The Defense Advanced Research Projects Agency expects to launch a Fast Network Interface Cards (FastNICs) initiative, and could soon solicit private business for the development of next generation network subsystems.

Ahead of the "anticipated" FastNICs broad agency announcement (BAA) - a notice from the government that requests proposals from private firms for research endeavors - DARPA plans to hold a Proposers Day.

The event on July 10 will provide information to potential proposers on the objectives of the initiative. Attendance will be limited to the first 160 registrants, with registration closing at 9:00 AM ET on July 8. Only two representatives per organization are allowed.

In the NIC of time

An old, slow NIC
An old, slow NIC – Wikimedia Commons/Jana.Wiki

In a solicitation document on the Federal Business Opportunities website, first reported by DCD, DARPA outlines its reasoning for the as-yet-unconfirmed FastNICs program:

"Current network subsystems are a bottleneck between multiprocessor servers and the network links that connect them. For example, a single fiber can carry about 100 terabits per second of data traffic, and today’s multicore multiprocessors, GPU-equipped servers and similar processing nodes can (in aggregate) process data at a similar rate. Network stacks, however, are limited both by network interface cards and the system software that uses them, to 10-100 gigabits per second.

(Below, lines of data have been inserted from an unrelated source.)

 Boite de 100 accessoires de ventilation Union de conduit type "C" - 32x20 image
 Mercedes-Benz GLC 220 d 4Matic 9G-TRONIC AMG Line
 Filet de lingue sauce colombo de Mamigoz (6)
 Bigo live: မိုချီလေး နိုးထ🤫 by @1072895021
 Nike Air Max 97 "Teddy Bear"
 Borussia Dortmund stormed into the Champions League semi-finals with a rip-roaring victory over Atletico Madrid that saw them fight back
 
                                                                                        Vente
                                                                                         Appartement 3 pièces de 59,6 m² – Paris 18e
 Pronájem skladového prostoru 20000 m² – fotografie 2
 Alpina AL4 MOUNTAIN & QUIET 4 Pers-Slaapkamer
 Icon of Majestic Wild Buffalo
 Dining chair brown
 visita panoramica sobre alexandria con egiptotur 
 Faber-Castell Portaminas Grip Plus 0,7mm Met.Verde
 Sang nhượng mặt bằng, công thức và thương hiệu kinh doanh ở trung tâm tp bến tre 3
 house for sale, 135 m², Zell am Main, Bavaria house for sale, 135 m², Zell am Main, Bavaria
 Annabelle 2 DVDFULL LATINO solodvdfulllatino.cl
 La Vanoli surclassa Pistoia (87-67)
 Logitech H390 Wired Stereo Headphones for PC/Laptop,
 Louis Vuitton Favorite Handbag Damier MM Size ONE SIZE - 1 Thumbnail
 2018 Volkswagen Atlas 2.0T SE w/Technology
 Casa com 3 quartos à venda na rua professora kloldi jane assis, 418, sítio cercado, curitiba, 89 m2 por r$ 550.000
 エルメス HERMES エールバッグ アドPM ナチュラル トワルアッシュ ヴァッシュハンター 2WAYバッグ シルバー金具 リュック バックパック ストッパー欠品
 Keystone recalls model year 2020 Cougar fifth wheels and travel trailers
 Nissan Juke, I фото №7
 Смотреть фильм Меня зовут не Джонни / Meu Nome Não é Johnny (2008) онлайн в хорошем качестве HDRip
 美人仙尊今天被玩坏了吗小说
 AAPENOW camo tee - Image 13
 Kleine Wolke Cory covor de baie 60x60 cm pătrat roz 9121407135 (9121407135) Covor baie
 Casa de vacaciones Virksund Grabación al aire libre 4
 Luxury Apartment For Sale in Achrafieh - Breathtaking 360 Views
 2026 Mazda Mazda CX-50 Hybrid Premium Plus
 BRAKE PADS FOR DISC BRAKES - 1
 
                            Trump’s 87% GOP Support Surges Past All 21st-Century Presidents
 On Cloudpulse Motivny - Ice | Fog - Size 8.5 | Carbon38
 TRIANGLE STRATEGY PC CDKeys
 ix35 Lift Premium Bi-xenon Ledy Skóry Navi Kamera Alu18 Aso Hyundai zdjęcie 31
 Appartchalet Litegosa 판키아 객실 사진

"This bottleneck has dramatically worsened as parallelism has replaced clock speed increases to achieve high performance computing. This bottleneck will remain unaddressed due to commercial incentives to pursue incremental technology advances in multiple market siloes. The separate evolution of networks and multicore multiprocessors, as well as memory technologies, memory copying, serialized contention for shared resources, and poor application design all contribute to limiting application throughput. The true bottleneck for processor throughput is the network interface used to connect a machine to an external network, such as an Ethernet, therefore severely limiting a processor’s data ingest capability.

"This network interface bottleneck is especially important for distributed computation that requires significant communication between the computation nodes. Training of deep neural networks is an exemplar of this class of computation; a significant fraction of machine learning research investigates ways in which the network interface bottleneck can be minimized.

"FastNICs will speed up applications, such as the distributed training of machine learning classifiers, by 100x, through the development, implementation, integration, and validation of novel, clean-slate network subsystems. The program objective is to overcome the gross mismatches in computing and network subsystem performance."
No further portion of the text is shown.